ESRT’s Fred Posniak on W. 34th Street, TOMS and Why Brick-and-Mortar Is Alive and Well
The International Council of Shopping Centers’ RECon Las Vegas was a whirlwind of activity with back-to-back meetings, long lines and a dizzying number of parties. And despite the roughly five-hour plane ride from New York City to Las Vegas, Commercial Observer spent most of its time talking to the real estate players from the Big Apple.
Our very first interview of the trip was with Fred Posniak, a senior vice president of Empire State Realty Trust, who handles all of the company’s retail leasing (along with leasing associate Shanae Ursini) which includes space at 10 Union Square East, 1010 Third Avenue, 77 West 55th Street and The Gotham at 1542 Third Avenue at 86th Street. (Posniak’s portfolio runs 720,653 square feet.)
Posniak started his career in 1976, working under real estate icons Lawrence A. Wien and Harry B. Helmsley, and 18 years later, he began working directly with members of the Malkin family.
CO enjoyed a hot beverage with Posniak at The Palazzo. He even recommended this reporter take a gondola ride along the Grand Canal and through the Grand Canal Shoppes at The Venetian hotel, which she did after concluding the interview.
Posniak, dressed in a red Ralph Lauren polo shirt, blue shorts and TOMS shoes (more on that later), talked about how some of ESRT’s properties are at the “gateway to Hudson Yards,” the tweener neighborhood between Herald Square and Times Square, and more.
Commercial Observer: There’s an Empire State Building in Las Vegas. What do you think of that?
Posniak: I guess duplication is the greatest form of compliment. I’ve driven by it. I’ve never been in it. It looks cool. It’s an international icon—ESB. It’s one of the rare buildings that you don’t need an address. You can write a letter to Fred Posniak, Empire State Building, and it will get to me.
The thing is with the ESB in Vegas is it’s shorter than the Chrysler Building.
Maybe a reporter would kind of pick that up, but I don’t think anyone really notices.

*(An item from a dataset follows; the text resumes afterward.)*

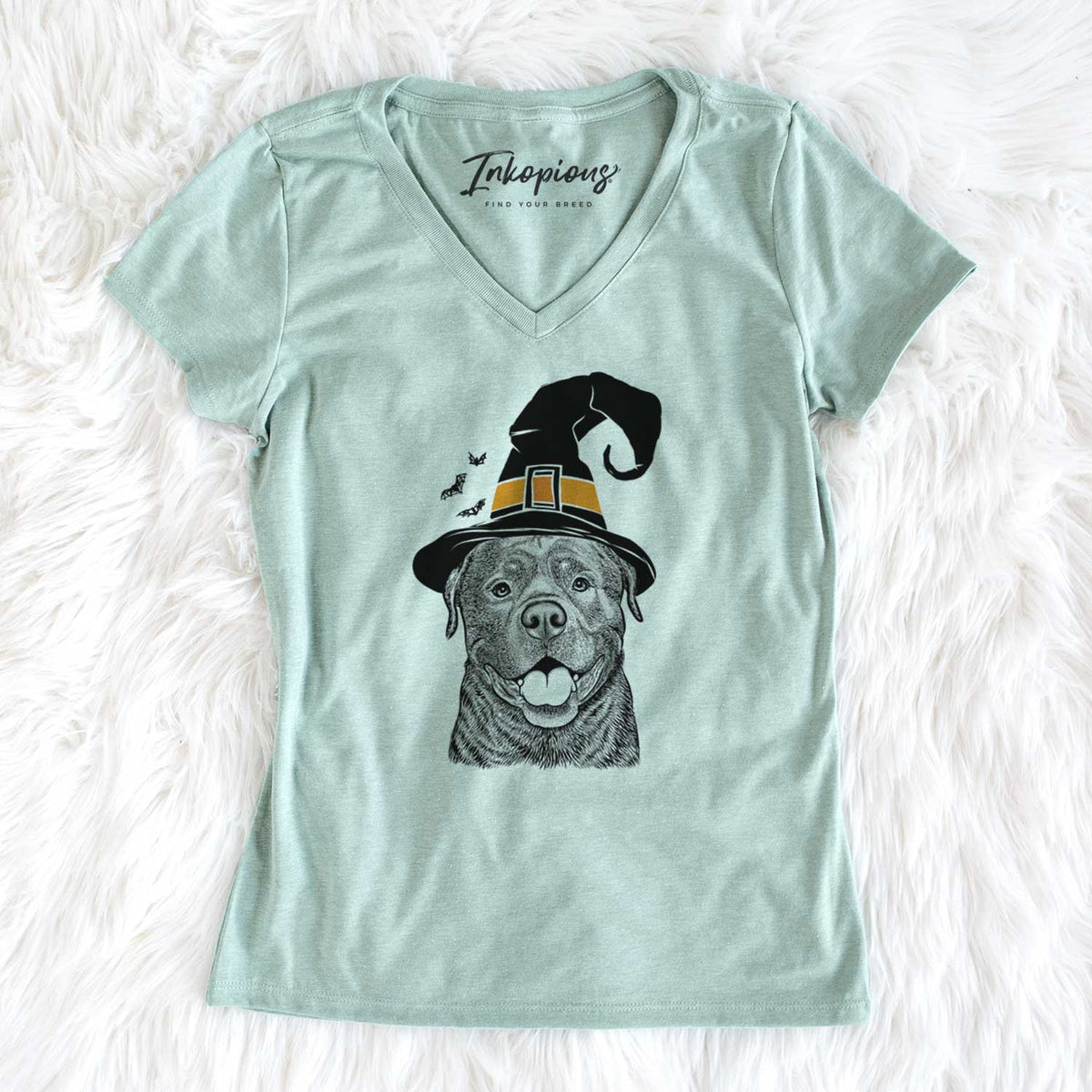 Witch Kojak the Rottweiler - Women's V-neck Shirt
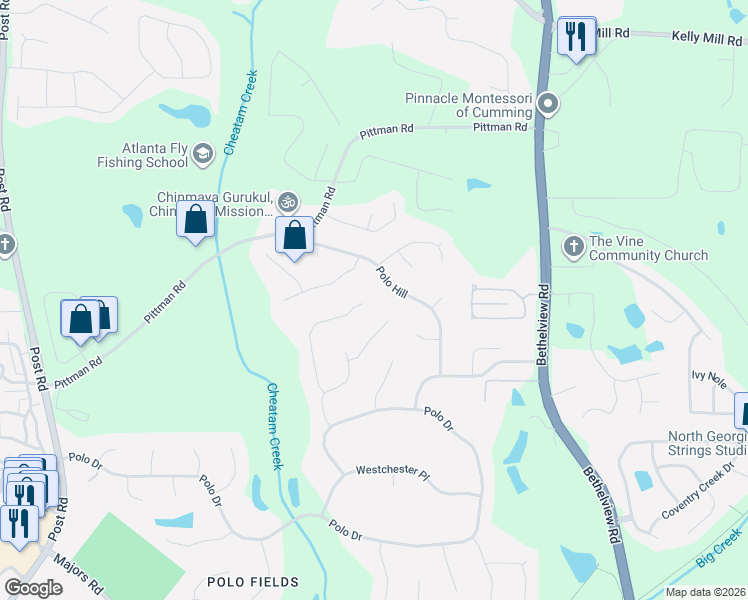 map of restaurants, bars, coffee shops, grocery stores, and more near 7165 Polo Hill in Cumming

How is the Starbucks delivery concept, which opened in August 2015, working in the real Empire State Building (where there’s a big Starbucks and an express Starbucks with no seating)?
They’re happy. They’re not required to tell us what they do, but we have a great relationship with Starbucks and a great relationship with the broker [SCG Retail’s David Firestein]. We’re one of the largest landlords of Starbucks. I have Starbucks at ESB, one at 1350 Broadway, one in Union Square, one at 250 West 57th Street and one at The Gotham retail condominium that we own on 86th Street and Third Avenue. So I think they like us.

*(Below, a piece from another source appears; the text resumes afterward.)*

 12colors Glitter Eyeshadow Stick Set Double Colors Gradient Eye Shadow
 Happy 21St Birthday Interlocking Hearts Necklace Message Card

Are people into the delivery concept?
Listen, I can’t really speak [to that], but when I’m at ESB I use it.
Are you at ESB daily?
A couple days of week. I know tenants use [the delivery Starbucks]. You have two ends of the spectrum. You have certain people that want to get out of their office and go down to a bigger one. And then you have the other ones that are so busy, and it’s great—[the delivery concept is] off an app. Technology is fantastic. We’re kind of honored that they chose ESB [in which] to launch it. They were courted by many large landlords to do it there, and they chose us. I always thank David [Firestein], and I always thank the people at Starbucks for that. We’re happy with it. It’s another great amenity for the building.
You guys are moving your offices to 111 West 33rd Street. Why aren’t you in the Empire State Building?

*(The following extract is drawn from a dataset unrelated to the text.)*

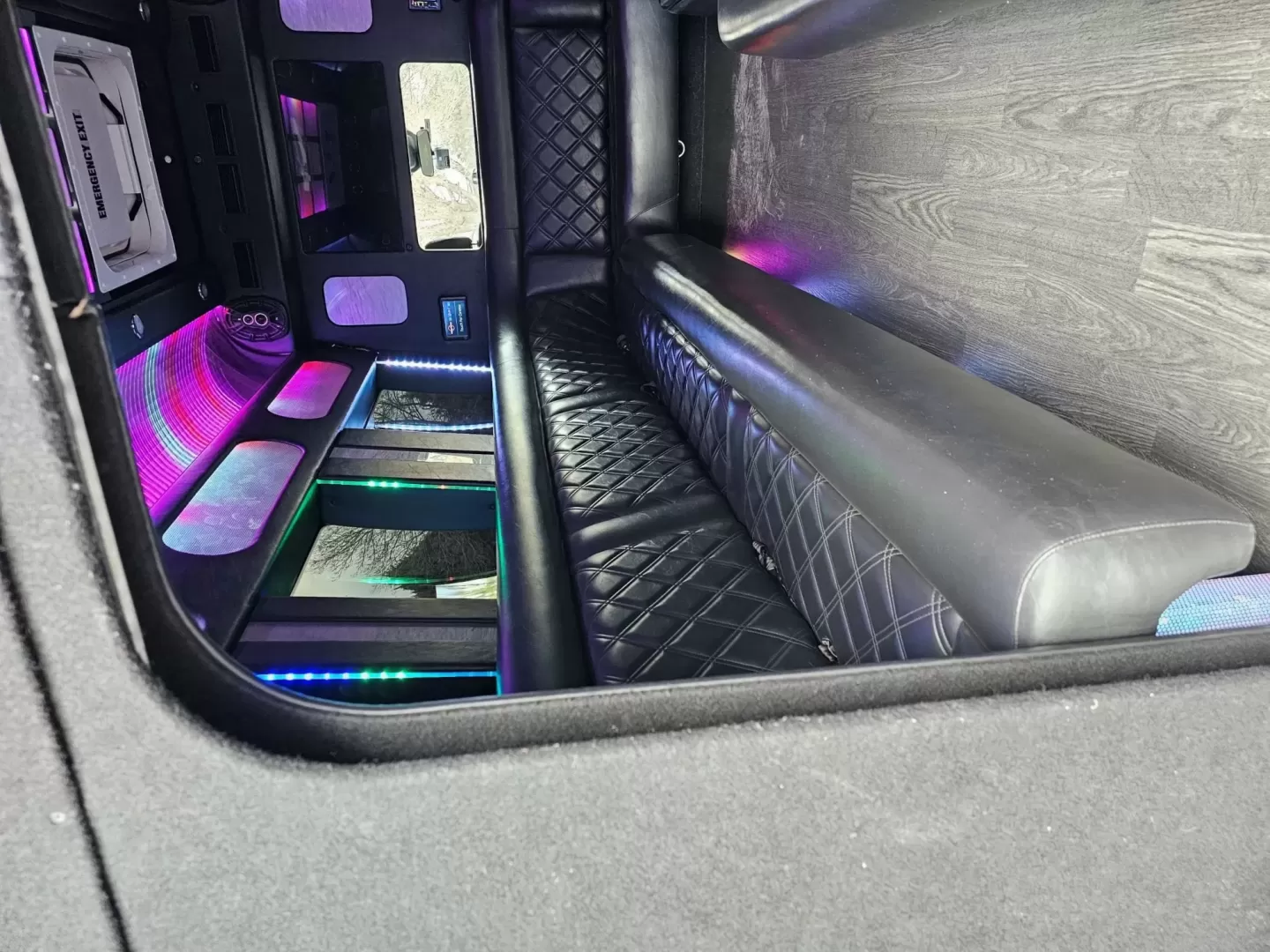 2017 Black /Black Ford Transit with an Gas engine, Auto transmission, 0.000000, 0.000000 - 2017 FORD TRANSIT 3.7L GAS ENGINE BUILT BY PINNICALE INTERIOR BLACK DIAMOND PATTERN LIMO BENCH SEATS 10 PASSENGERS PLUS DRIVER AND COPILOT - RACK LIMO BENCH SEATING POWER PARTITION TV'S FRONT AND REAR COVED RGB LIGHTING ON SIDE WALLS OVER HEAD DOME LIGHTS GRAY WOOD LOOK FLOORING MAYBACH CEILING LIGH - Photo#4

Because we were going to go to Empire but we rented the space before we had a chance to finish our plans.
That wasn’t that long ago. But what about at the outset?
There wasn’t really a need. We weren’t public at that time, but [recently] there was a definite need to consolidate everybody onto one floor. Because our current offices at One Grand Central Place, we are on two floors. We’re on 48 and 26. And so it’s a little bit of an inconvenience to keep going back and forth so the decision was to put everybody on one floor.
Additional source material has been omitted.